Taylor and Cox will have to throw everything they have into winning the Democratic primary. Whoever survives that will then have to go head-to-head with an incumbent who will have far more money because he won't have a primary challenger - and he will have legions of skilled political operatives ready to Swift Boat the Democratic nominee with the same ruthless tactics Republicans used against John Kerry in the 2004 presidential race.



It will be a campaign that political junkies talk about for years, but in the end, it may also prove to be absolutely irrelevant who wins that race for governor.



That's because it's highly likely that the leadership of the General Assembly will be kept in Republican hands. When the next governor of Georgia - whether it's Perdue, Cox or Taylor - takes the oath of office in January 2007, the chances are good that Glenn Richardson will already have been installed again as House speaker while either Ralph Reed or Casey Cagle has taken up the Senate gavel as lieutenant governor.



Richardson, Reed and Cagle are ambitious types whose eyes will be on the next rung up the political ladder. Before the new governor has even taken his or her hand off the Bible at that inauguration ceremony, Richardson and Cagle or Reed will have already started their 2010 campaigns for governor.

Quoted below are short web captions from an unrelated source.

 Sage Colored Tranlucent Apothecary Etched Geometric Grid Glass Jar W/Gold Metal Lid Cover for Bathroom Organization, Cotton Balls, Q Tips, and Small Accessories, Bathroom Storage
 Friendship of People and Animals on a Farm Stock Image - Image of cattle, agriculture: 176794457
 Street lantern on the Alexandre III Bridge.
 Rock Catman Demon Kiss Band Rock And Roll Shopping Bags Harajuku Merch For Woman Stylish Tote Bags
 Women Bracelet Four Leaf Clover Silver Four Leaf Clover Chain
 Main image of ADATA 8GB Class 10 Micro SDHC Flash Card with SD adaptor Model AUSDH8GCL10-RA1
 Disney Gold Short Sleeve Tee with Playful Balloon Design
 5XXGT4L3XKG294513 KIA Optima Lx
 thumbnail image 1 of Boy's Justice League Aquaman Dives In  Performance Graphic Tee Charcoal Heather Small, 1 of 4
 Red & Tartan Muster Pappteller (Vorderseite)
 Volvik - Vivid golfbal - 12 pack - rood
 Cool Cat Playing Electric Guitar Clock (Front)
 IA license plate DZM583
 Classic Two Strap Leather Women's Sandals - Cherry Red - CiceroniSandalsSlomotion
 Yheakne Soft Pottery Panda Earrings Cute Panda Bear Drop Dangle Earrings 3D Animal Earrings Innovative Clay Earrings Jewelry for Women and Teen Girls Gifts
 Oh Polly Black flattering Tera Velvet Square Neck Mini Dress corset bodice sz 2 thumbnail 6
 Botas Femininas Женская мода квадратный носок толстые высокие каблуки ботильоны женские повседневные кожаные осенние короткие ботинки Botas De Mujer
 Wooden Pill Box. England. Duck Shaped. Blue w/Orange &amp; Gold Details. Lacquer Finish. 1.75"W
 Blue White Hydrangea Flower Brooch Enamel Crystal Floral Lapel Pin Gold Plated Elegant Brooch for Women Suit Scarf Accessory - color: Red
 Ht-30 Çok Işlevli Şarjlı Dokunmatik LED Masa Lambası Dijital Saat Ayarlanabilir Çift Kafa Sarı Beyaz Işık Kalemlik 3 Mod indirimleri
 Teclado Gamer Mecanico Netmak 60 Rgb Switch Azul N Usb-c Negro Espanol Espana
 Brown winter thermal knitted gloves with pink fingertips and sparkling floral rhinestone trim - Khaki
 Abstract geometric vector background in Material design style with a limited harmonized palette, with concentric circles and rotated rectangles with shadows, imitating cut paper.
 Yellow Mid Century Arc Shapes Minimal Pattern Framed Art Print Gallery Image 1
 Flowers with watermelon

The next four years will be a continuing series of one-upmanship between the speaker and the lieutenant governor as they fight and claw for political advantage. While the next governor is getting ready to deliver his or her first "state of the state" address, Richardson and Reed/Cagle will already have started rolling out their own policy initiatives.



They aren't going to care who's sitting in the governor's office. If it's Perdue again, he can be safely ignored as a lame-duck who is constitutionally prohibited from running for another term as chief executive. If it's Cox or Taylor, then the legislative Republicans will have all the incentive they need to sabotage and neutralize any proposals made by a governor of the opposing party.



Bottom line: the next four years will be the "Glenn and Ralph Show" (or the "Glenn and Casey Show"). Any governor who tries to advance his or her own political agenda is going to have to fight through that legislative gauntlet first - and that won't be an easy task.



Let's say a Gov. Perdue wants to enact another corporate tax cut in hopes of improving the state's economic climate. Sorry, Sonny. The speaker and the lieutenant governor are going to put their names on any tax proposal and then start the parliamentary maneuvering to see which one of them will take credit for what is adopted by the legislature.



Or let's say that a Gov. Cox decides to propose a major upgrade of educational funding to finally pull the state out of its last-place ranking on SAT scores. Tough luck, Cathy. Speaker Richardson will declare your proposal dead on arrival before your floor leader has even retrieved the bill draft from Legislative Counsel - and then he'll snicker about it while being interviewed on Georgia Public Television.



Multiply those examples by the 40 days that the legislature is in session and you have an idea of what the next governor will be enduring. It won't be pretty. And it sure as heck can't be any fun.



You'd almost have to ask yourself: Why would any sane person want to win the next governor's race?



Tom Crawford, editor of the Capitolimpact.com news service, covers politics for Georgia Trend.